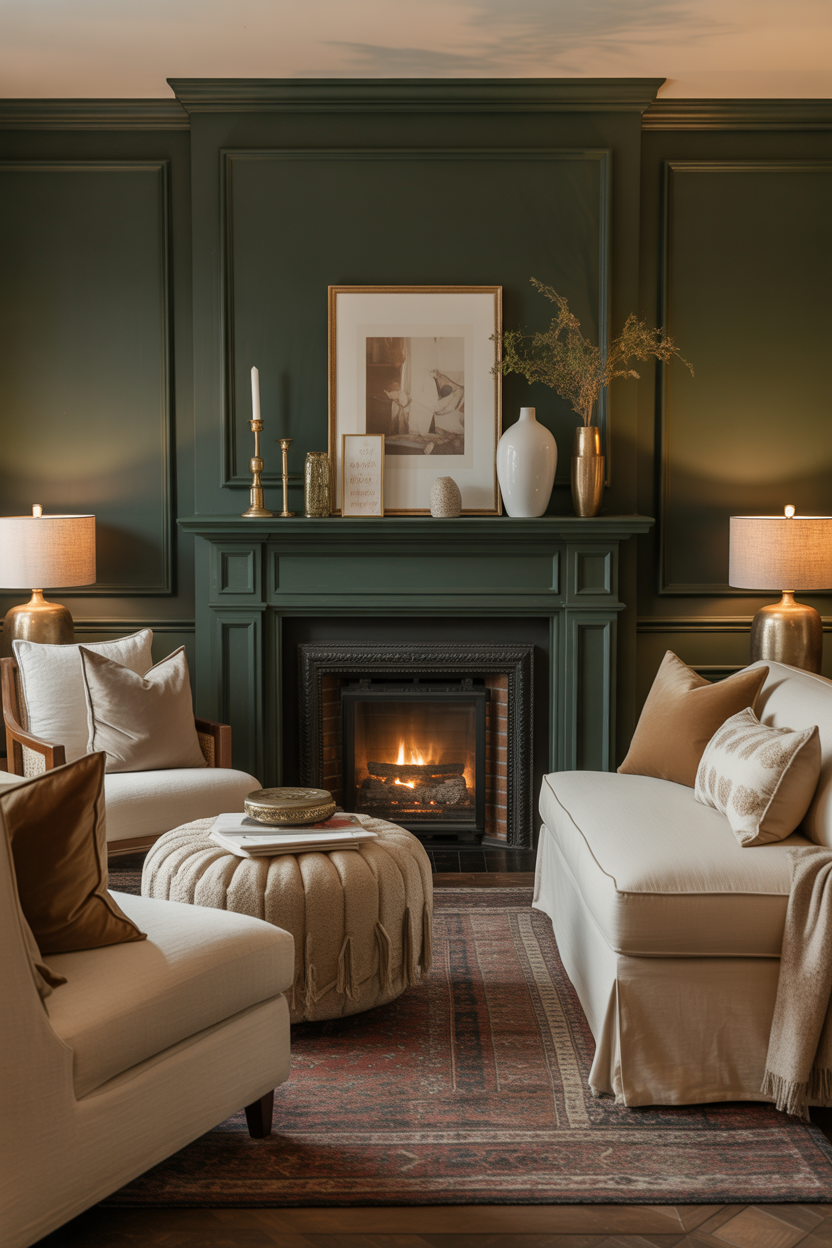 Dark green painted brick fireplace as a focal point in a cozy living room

◆ ◆ ◆ ◆ ◆

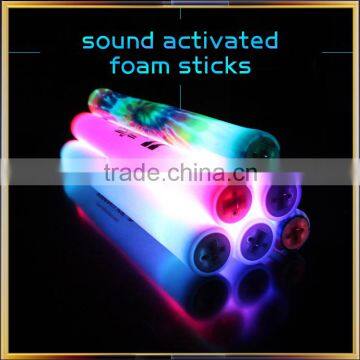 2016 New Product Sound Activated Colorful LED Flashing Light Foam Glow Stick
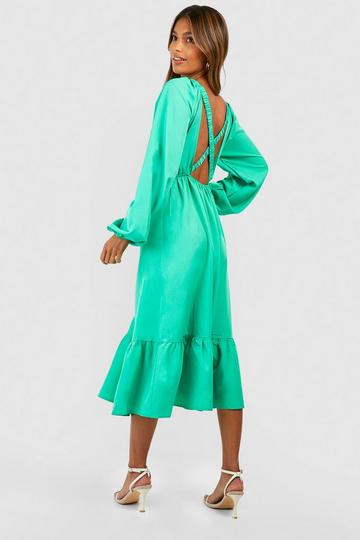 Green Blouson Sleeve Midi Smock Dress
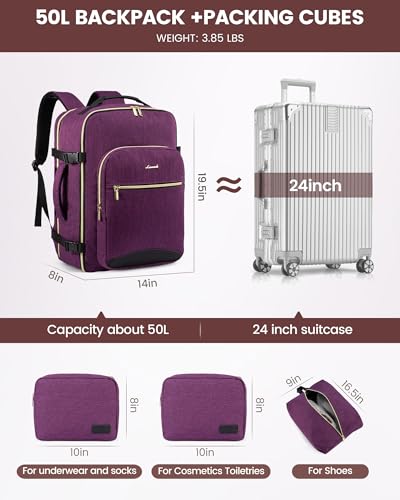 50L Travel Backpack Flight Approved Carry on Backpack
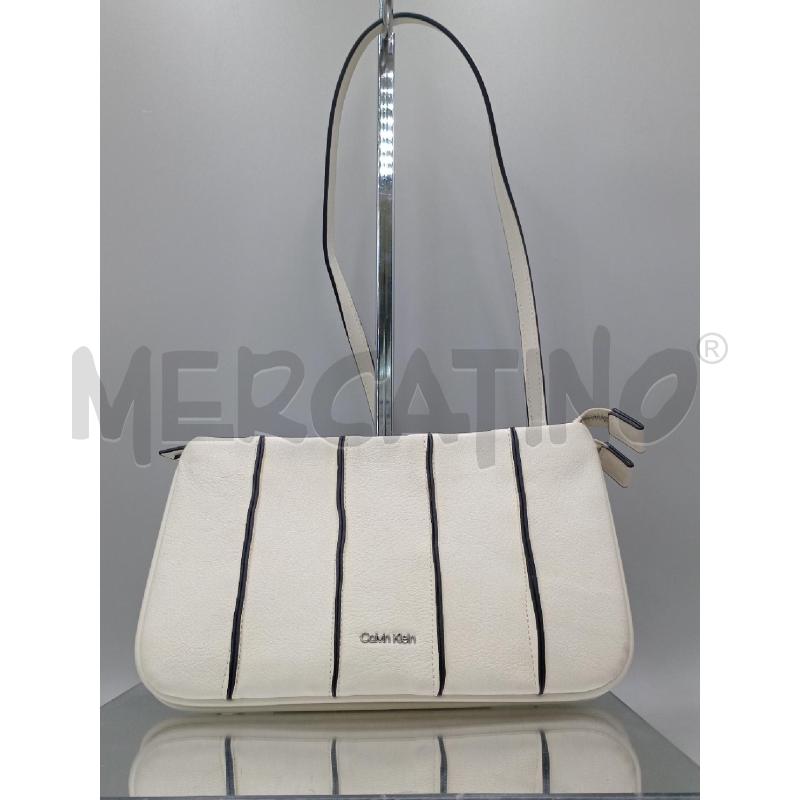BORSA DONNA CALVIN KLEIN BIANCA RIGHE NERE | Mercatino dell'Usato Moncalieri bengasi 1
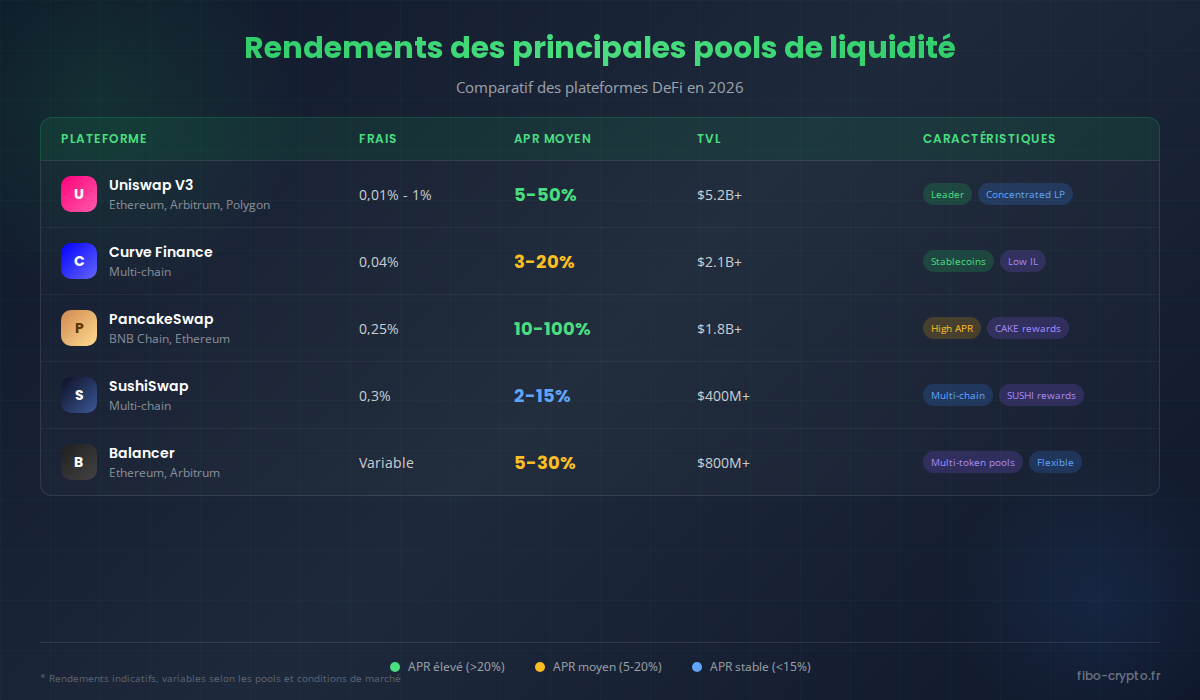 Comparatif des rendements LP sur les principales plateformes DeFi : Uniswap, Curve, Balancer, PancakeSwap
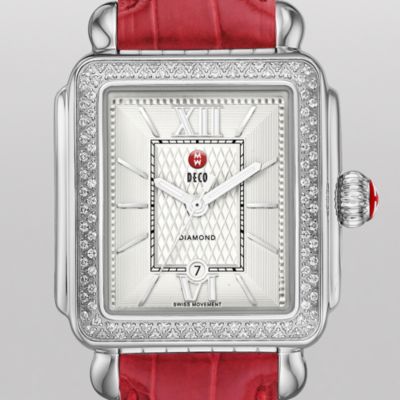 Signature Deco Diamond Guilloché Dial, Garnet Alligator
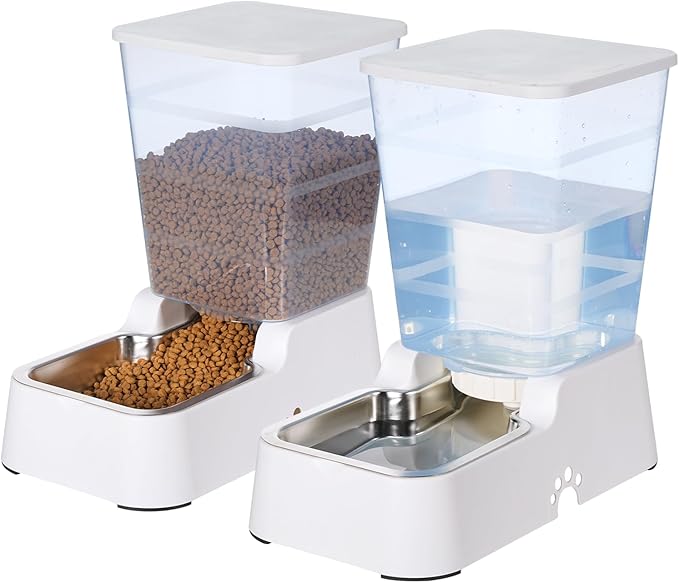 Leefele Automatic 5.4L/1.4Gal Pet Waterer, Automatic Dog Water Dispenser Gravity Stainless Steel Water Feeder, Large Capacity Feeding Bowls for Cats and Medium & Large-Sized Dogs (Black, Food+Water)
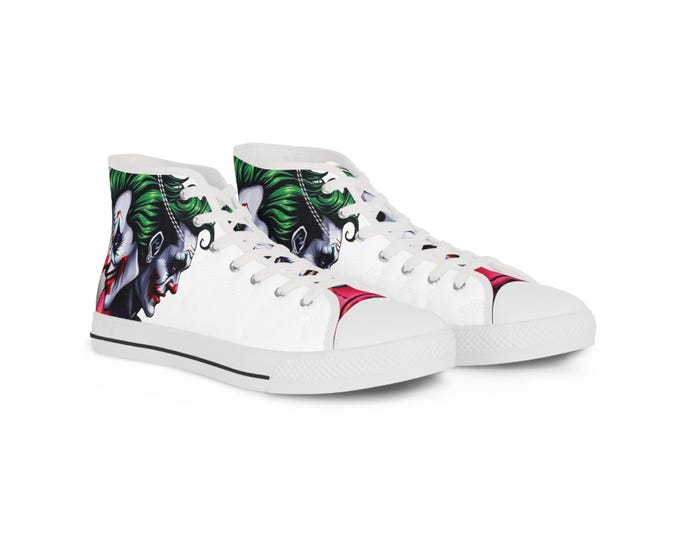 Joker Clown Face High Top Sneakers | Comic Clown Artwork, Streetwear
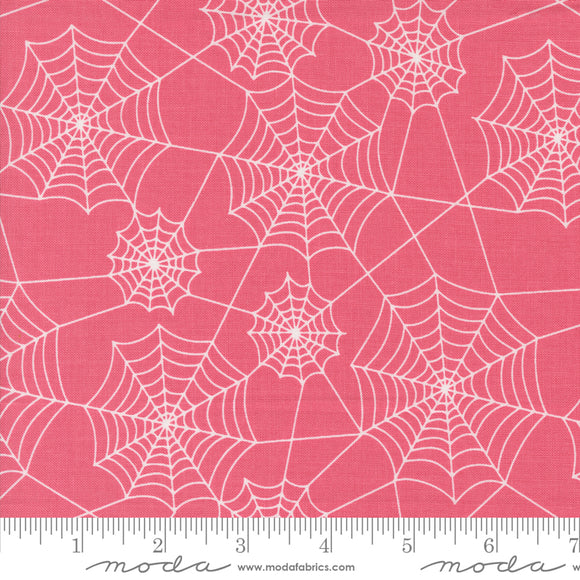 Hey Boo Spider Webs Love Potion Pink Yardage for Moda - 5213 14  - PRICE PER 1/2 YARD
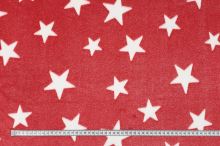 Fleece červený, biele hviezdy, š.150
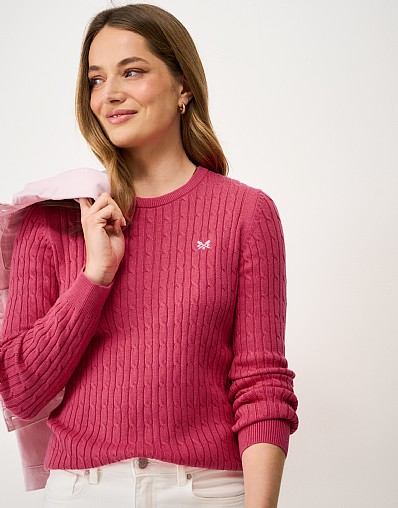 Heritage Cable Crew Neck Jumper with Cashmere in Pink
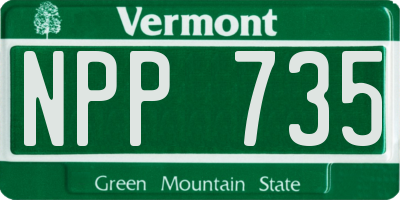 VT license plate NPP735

◆ ◆ ◆ ◆ ◆

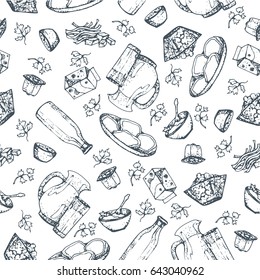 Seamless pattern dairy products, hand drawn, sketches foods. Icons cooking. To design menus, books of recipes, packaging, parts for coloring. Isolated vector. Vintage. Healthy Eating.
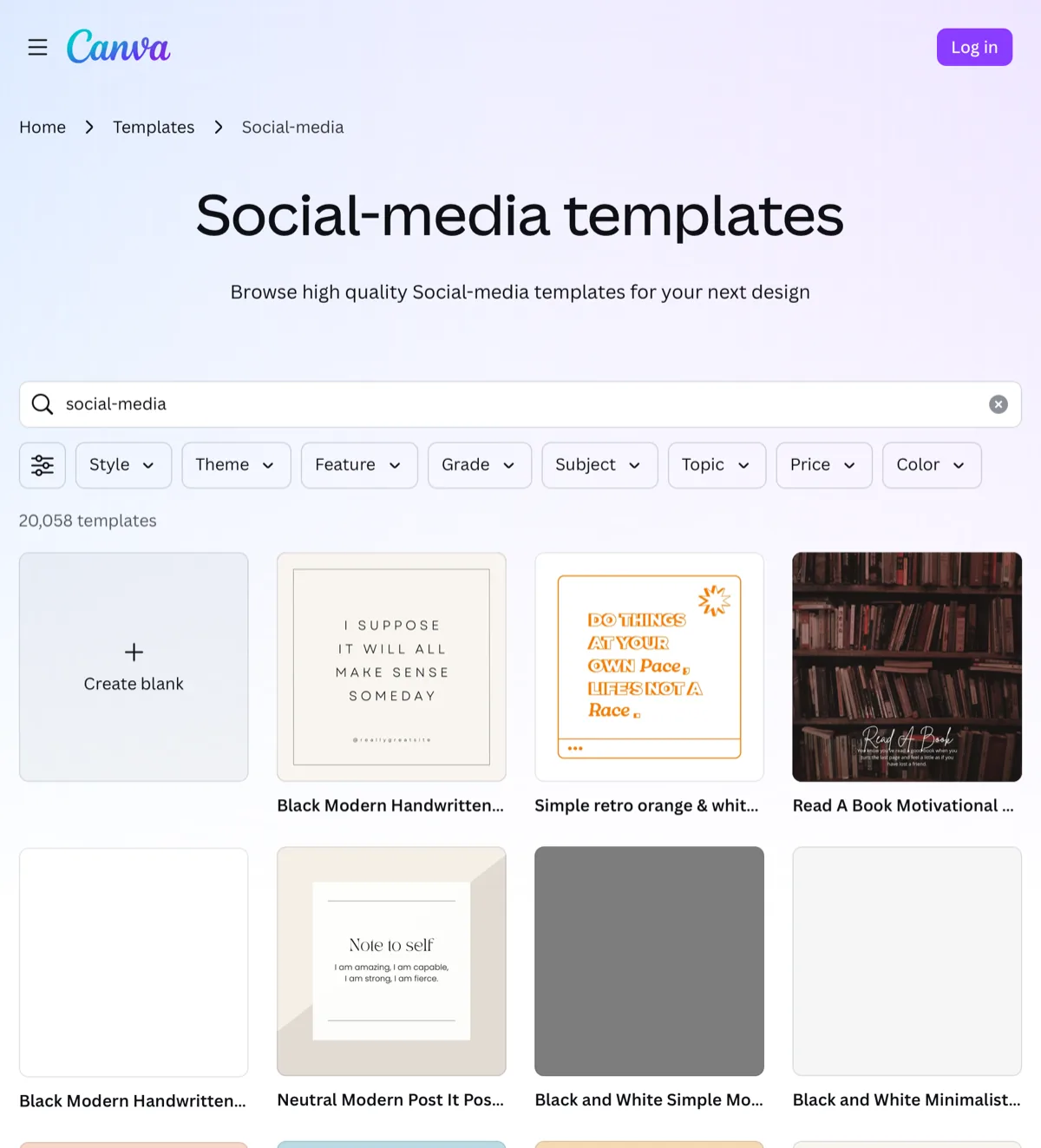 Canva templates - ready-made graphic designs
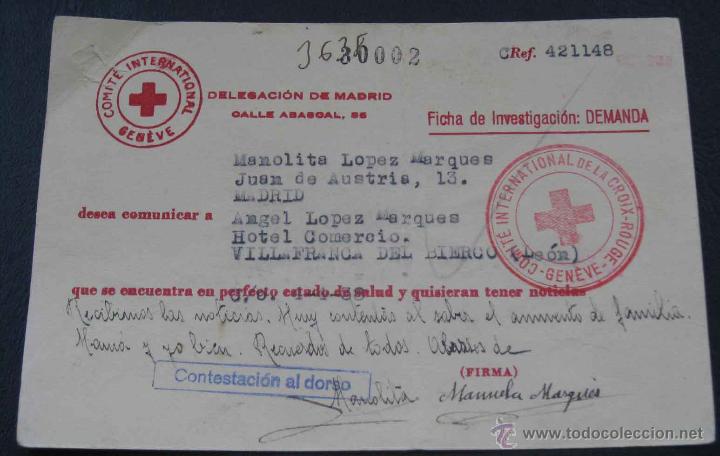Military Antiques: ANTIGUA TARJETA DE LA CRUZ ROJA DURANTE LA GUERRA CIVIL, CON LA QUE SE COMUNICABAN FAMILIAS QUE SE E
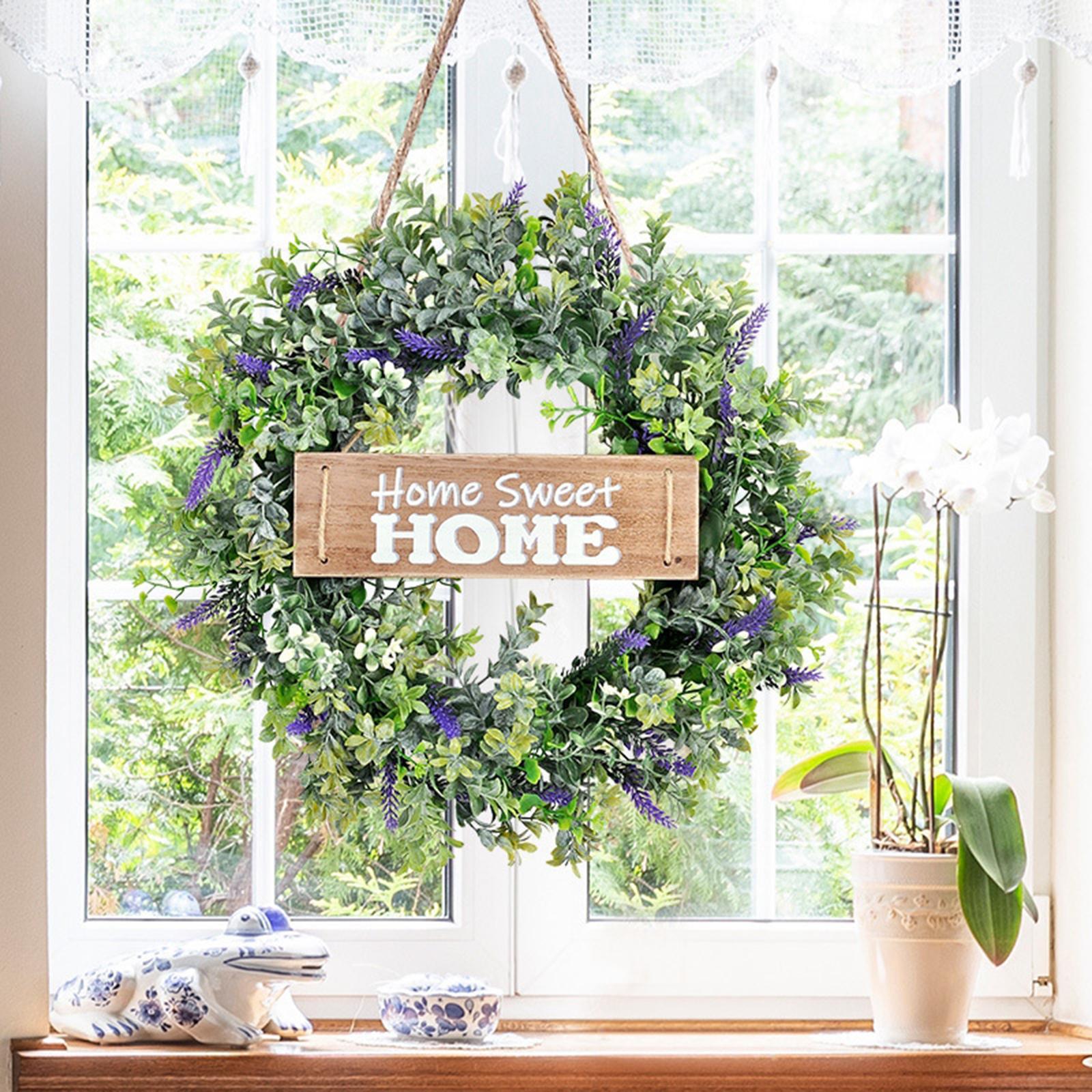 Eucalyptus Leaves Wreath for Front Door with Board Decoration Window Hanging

◆ ◆ ◆ ◆ ◆

## The problem
In the listing above, find the line containing "50L Travel Backpack" and the line containing "Leefele Automatic 5.4L/1.4Gal", then return both of them and every line between, exactly, without pictures.

## Solution
 50L Travel Backpack Flight Approved Carry on Backpack
BORSA DONNA CALVIN KLEIN BIANCA RIGHE NERE | Mercatino dell'Usato Moncalieri bengasi 1
 Comparatif des rendements LP sur les principales plateformes DeFi : Uniswap, Curve, Balancer, PancakeSwap
 Signature Deco Diamond Guilloché Dial, Garnet Alligator
 Leefele Automatic 5.4L/1.4Gal Pet Waterer, Automatic Dog Water Dispenser Gravity Stainless Steel Water Feeder, Large Capacity Feeding Bowls for Cats and Medium & Large-Sized Dogs (Black, Food+Water)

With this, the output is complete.